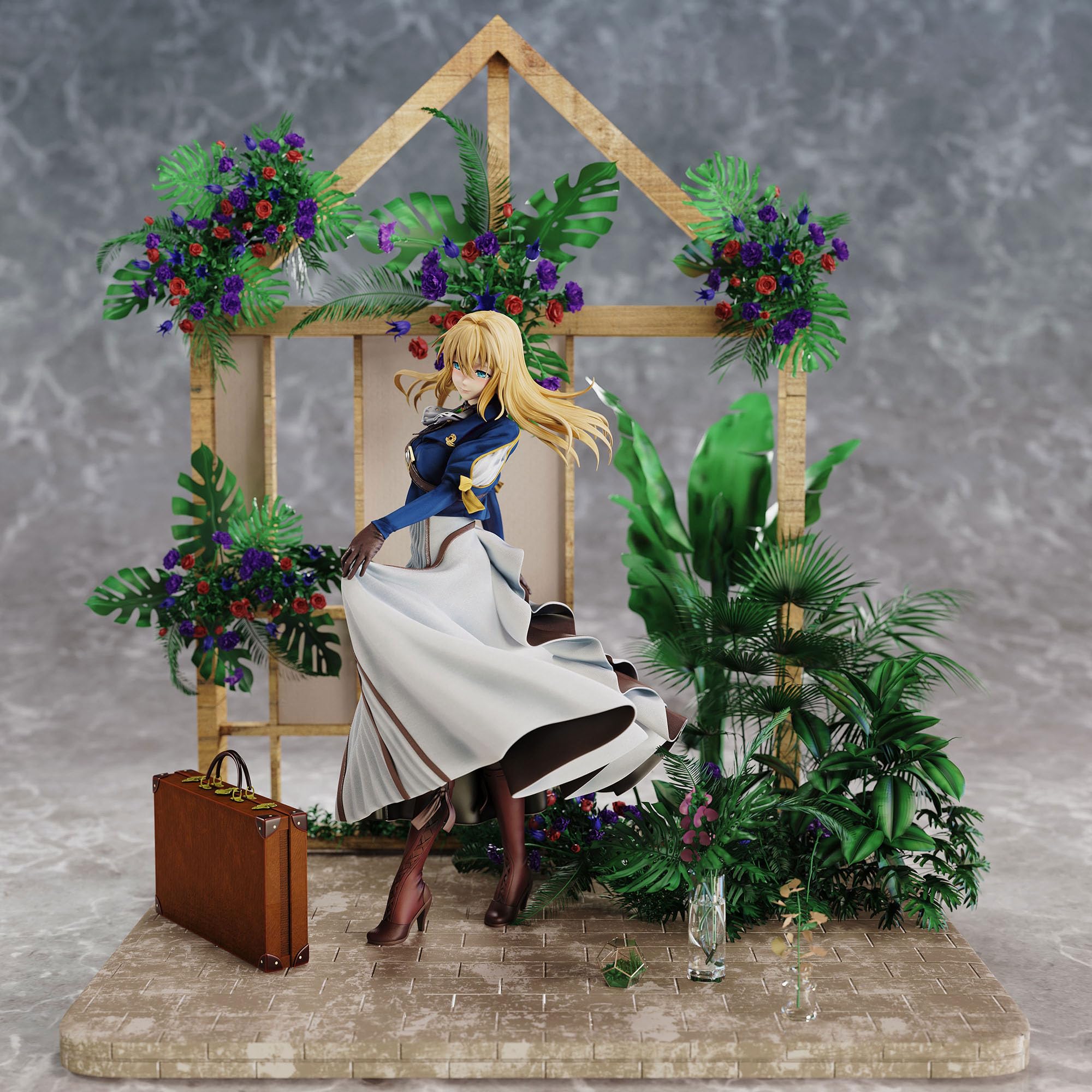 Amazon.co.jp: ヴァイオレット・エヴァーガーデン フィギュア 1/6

==

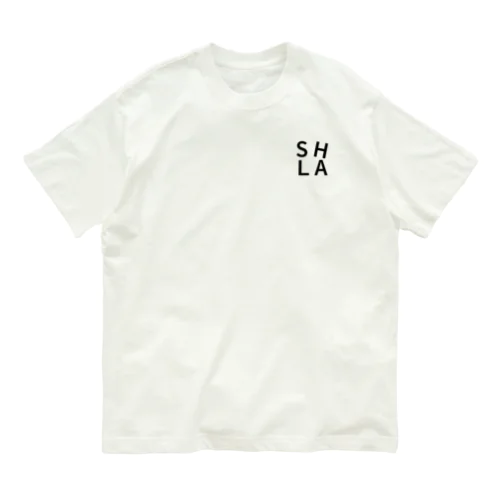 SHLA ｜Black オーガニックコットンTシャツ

--

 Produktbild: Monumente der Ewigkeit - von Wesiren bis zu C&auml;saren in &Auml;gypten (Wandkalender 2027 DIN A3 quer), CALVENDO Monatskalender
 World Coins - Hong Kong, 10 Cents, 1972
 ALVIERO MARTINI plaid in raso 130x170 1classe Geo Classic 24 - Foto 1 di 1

### THE PROBLEM
Output exactly the lines of the material above from the one containing "Produktbild: Monumente der" up to and including the one containing "ALVIERO MARTINI plaid".

### WORKED SOLUTION
 Produktbild: Monumente der Ewigkeit - von Wesiren bis zu C&auml;saren in &Auml;gypten (Wandkalender 2027 DIN A3 quer), CALVENDO Monatskalender
 World Coins - Hong Kong, 10 Cents, 1972
 ALVIERO MARTINI plaid in raso 130x170 1classe Geo Classic 24 - Foto 1 di 1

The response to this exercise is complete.